Non ci volle molto tempo prima che tutti venissero a conoscenza della nuova "passione" di Eliodoro che fu accusato di essere un negromante, uno stregone e un eretico, accusa che si tradusse di fatto in una condanna a morte formulata dal vescovo Leone II il Taumaturgo.

Non correva esattamente buon sangue tra i due ed Eliodoro di certo non faceva nulla per farsi voler bene. Erano tante le dicerie che gravitavano attorno alla figura di questo mago "burlone": si diceva che si divertisse a tramutare gli uomini in animali (specialmente quelli che non gli andavano a genio), che riuscisse a sparire e apparire ovunque volesse, a trasformare l'oro in pietra ingannando i mercanti e che potesse persino animare gli oggetti.

In virtù di questi poteri e assetato dalla sete di conquista e vendetta verso i suoi nemici, Eliodoro forgiò dalla lava dell'Etna un elefante (lo stesso che oggi si erge ai piedi dell'obelisco al centro di piazza del Duomo) per poi dargli vita con un incantesimo.

A quel punto iniziò a scorazzare per la città come un guerriero, cavalcando l'animale magico e burlandosi di tutti i distinti cittadini che gli capitassero a tiro, svelandone vizi segreti e nascoste virtù, disturbandone le funzioni religiose e compiendo scherzi di cattivo gusto.

Eliodoro riuscì a inimicarsi proprio tutti in quel di Catania, ma non solo: le sue terribili gesta giunsero fino alla capitale dell'Impero di Costantino.
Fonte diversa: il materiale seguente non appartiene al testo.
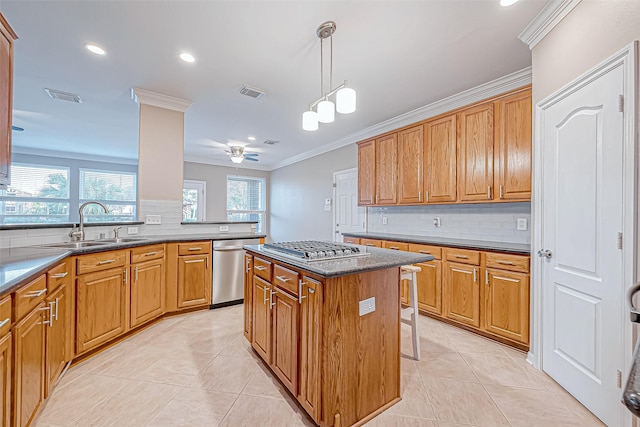 kitchen with appliances with stainless steel finishes, ceiling fan, sink, a center island, and hanging light fixtures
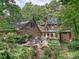 Brick home with an outdoor patio and landscaped backyard, perfect for entertaining or relaxing at 2313 Beechwood Dr, Waxhaw, NC 28173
Giunto in visita nel palazzo dell'imperatore e dopo esser stato insultato dalla "regale" moglie si vendicò con un potente incantesimo: in città tutti i fuochi si spensero, a eccezione di quello che si accese sul fondoschiena della donna, l'unica visibile in quel buio pesto in preda alla vergogna.

A questo punto il destino del mago era segnato: dopo le ennesime e dissacranti nefandezze e dopo essere stato condannato a morte diverse volte, il vescovo Leone il Taumaturgo pose fine alla sua vita gettandolo, infine, tra le fiamme.

Eliodoro morì lasciando dietro di sé una scia di racconti tanto fantasiosi quanto inquietanti, e anche quell'elefante che oggi continua a dominare la città con il suo alto obelisco, portandone fiero il nome.

Forse in fondo Eliodoro, spirito ribelle, è riuscito nel suo intento: conquistare il cuore della sua Catania.